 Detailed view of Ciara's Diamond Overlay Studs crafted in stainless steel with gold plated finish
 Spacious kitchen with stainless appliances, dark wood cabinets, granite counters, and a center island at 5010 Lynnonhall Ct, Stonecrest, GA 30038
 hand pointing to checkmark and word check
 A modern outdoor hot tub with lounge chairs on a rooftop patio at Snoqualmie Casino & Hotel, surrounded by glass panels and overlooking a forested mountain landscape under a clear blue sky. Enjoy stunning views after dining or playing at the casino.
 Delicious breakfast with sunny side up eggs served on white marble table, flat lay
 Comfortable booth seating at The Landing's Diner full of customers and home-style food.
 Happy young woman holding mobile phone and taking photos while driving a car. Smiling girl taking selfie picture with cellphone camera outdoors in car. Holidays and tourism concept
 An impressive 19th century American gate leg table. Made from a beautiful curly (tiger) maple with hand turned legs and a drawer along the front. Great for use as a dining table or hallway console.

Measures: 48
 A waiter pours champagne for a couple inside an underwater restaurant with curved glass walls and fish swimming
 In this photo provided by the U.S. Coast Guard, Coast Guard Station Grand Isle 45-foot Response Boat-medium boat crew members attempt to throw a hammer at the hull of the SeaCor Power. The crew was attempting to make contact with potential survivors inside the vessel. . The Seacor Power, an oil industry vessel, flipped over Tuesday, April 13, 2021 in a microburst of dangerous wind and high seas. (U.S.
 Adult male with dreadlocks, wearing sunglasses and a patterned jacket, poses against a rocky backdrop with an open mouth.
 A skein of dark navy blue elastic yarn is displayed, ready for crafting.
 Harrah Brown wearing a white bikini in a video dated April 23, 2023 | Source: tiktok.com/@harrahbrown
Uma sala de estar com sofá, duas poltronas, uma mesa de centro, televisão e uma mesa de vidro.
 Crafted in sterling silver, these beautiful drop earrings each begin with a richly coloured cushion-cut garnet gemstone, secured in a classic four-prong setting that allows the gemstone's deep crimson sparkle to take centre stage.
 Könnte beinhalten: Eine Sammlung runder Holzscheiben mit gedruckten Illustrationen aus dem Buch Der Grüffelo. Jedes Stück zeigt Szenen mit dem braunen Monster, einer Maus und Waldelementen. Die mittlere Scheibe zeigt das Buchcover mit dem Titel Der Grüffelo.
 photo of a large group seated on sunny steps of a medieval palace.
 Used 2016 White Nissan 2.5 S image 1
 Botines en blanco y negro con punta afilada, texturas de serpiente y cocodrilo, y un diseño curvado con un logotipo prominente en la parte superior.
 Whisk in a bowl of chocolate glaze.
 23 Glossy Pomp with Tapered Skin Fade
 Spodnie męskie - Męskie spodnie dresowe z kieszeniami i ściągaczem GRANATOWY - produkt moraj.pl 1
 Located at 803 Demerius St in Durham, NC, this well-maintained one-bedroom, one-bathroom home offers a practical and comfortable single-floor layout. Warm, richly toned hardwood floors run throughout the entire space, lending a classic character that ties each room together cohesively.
···
§ What this task involves
Search the entries above for the word "home" and count the lines that hold it. Reply with only that number.

§ Final answer
2